While this genre-blending is evident on his previous two records, it seems more prevalent on this 2022 installment. Brown manages to drift out of his lane throughout while remaining true to himself and his sound.
The opening track “Bury Me in Georgia,” is a heavy country stomper. Throughout this song, Brown pays homage to the state in which he was raised, begging to be buried there when he dies. Instrumentally and melodically, it reminisces “God’s Country,” Blake Shelton’s popular 2019 song.
Speaking of Shelton, the title track to Brown’s album is shared as a collaboration with him. Throughout “Different Man” Brown and Shelton sing passionately about being different, leaving their small town upbringings in favor of lights, big stages and fame.
“Different Man” isn’t the only collaboration on the album. The record’s seventh track, “Thank God,” is shared as a duet between Brown and his wife Katelyn. The song is accompanied by a mellow (slightly folky) guitar plucking and features beautiful lyrics about finding true love and thanking God for establishing the relationship.
Brown also notably takes some risks on this album as well. The song “Grand” is probably the most different, as it features hip-hop styled instrumentation and flows almost like a Lil Nas X song. “Drunk or Dreaming” is another outlier, featuring pop undertones like a Morgan Wallen song, but also island vibes like Zac Brown’s “Castaway.”

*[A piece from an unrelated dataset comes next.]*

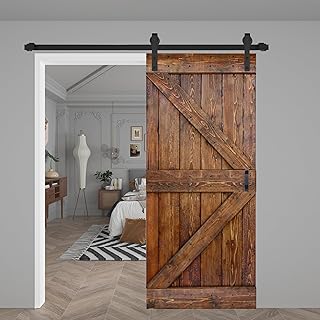 K Series 36in x 84in Classic Walnut Finished Solid Wood Barn Door with Hardware Track - Assembly Needed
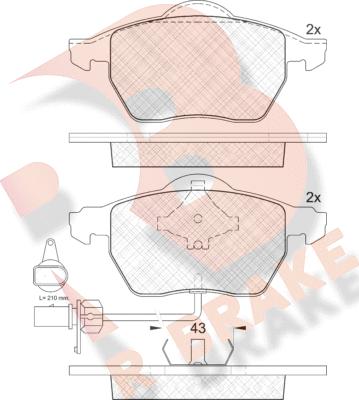 R Brake RB1331-203 - Bremžu uzliku kompl., Disku bremzes ps1.lv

However, for all the naysayers who claim Brown has completely abandoned the country genre, there are some traditional country tunes on Different Man. One of the most obvious is “Like I Love Country Music” in which Brown confesses his love for his wife, equating it to his love for country music. It sounds like a song any country artist could sing, although perhaps best suited for someone like Chris Jansen or Florida Georgia Line.
The album comes full circle with the closing track “Dear Georgia.” In this bookend track, Brown once again makes an enjoyable song for his hometown, but this time it acts more as a love letter. Additionally, it is a lot mellower than the raucous opener, closing the album on a quiet but sentimental note.
Without a doubt, Different Man exemplifies what the title says. Brown proves he is a man who is not afraid to be himself in a genre that sometimes seems to be too traditional and “closed off” to different kinds of music. There’s something in here for everyone, whether you prefer conventional country or more of a pop vibe. Out of ten stars, Different Man warrants 7 in my book.